• **Exercise prompt**
In the records below, find each line holding the word "Appartement" and copy it.

• **Data extract**
◆ ◆ ◆

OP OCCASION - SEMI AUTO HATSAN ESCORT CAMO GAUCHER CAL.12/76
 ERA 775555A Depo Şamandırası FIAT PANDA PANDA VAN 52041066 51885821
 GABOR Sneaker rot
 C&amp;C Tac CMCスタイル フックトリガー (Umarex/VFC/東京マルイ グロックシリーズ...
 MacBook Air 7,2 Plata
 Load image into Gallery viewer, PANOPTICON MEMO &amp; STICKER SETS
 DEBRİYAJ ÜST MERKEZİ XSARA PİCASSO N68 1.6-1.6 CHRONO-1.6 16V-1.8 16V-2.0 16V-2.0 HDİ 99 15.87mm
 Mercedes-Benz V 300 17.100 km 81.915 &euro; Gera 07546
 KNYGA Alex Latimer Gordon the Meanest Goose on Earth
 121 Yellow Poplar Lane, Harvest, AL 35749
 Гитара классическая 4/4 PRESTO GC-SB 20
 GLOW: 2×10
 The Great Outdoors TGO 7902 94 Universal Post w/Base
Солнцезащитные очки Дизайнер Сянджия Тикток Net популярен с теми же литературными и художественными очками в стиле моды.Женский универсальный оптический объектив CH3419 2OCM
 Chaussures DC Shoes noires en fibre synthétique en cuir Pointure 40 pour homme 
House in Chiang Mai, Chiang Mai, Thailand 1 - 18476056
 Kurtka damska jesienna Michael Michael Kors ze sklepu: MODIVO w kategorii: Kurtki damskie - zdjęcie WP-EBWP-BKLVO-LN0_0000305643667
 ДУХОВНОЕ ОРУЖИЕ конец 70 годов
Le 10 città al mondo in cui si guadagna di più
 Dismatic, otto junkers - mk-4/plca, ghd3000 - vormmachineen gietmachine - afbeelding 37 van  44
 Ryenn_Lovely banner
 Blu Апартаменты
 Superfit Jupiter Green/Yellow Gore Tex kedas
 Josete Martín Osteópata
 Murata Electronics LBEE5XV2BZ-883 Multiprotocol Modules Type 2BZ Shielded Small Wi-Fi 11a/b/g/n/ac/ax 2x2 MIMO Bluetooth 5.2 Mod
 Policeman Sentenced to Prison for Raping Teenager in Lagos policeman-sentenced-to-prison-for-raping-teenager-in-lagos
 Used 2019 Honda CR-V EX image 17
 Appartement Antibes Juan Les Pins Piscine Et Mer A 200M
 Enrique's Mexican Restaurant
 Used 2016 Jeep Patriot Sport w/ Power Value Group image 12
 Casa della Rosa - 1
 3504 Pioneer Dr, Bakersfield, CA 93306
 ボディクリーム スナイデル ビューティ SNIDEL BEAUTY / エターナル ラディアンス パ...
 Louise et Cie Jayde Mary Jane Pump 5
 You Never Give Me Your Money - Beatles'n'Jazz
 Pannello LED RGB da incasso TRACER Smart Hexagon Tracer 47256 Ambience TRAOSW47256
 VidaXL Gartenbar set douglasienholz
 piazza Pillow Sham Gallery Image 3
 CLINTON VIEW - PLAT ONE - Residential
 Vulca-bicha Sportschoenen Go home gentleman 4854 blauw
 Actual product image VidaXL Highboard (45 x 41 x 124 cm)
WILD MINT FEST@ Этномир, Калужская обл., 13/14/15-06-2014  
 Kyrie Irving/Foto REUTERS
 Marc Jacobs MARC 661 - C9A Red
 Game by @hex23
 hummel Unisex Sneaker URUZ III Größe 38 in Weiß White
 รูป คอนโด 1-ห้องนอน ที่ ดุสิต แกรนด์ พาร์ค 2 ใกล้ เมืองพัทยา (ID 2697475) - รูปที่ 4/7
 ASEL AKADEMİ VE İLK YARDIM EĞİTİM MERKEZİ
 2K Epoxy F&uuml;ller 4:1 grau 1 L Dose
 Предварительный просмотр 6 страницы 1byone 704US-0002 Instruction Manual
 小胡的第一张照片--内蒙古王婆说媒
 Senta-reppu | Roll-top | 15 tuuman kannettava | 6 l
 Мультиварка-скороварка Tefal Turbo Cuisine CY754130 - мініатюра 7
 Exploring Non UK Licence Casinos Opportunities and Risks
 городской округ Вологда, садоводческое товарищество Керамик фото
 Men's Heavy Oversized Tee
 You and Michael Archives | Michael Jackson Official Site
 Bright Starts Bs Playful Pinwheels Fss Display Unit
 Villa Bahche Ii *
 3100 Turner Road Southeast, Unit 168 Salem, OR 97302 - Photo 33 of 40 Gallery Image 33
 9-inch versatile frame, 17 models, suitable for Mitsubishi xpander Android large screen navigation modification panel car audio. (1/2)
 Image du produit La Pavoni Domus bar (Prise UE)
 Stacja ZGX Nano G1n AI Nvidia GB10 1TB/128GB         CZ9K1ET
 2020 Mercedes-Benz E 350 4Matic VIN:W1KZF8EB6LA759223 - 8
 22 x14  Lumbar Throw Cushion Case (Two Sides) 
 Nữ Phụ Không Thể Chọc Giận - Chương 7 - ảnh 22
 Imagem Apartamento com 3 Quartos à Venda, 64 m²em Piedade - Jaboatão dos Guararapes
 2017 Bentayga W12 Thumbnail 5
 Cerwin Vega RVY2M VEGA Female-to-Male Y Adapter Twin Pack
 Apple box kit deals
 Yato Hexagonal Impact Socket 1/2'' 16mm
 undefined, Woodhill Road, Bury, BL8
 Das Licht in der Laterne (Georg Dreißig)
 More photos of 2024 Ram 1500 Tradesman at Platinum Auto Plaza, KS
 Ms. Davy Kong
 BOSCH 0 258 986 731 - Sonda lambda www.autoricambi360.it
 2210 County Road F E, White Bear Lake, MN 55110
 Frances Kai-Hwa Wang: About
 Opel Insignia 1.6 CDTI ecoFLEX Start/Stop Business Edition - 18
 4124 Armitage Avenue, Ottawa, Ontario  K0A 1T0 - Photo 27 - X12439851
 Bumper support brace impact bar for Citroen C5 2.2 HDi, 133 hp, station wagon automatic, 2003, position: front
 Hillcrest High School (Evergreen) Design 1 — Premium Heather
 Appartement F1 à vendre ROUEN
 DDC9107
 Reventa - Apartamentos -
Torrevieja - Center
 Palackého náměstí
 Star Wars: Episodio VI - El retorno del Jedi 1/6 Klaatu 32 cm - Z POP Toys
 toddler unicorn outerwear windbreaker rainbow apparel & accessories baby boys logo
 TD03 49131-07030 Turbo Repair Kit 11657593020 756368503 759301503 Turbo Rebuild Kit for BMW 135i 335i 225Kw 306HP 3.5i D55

◆ ◆ ◆

• **Exercise response**
 Appartement Antibes Juan Les Pins Piscine Et Mer A 200M
 Appartement F1 à vendre ROUEN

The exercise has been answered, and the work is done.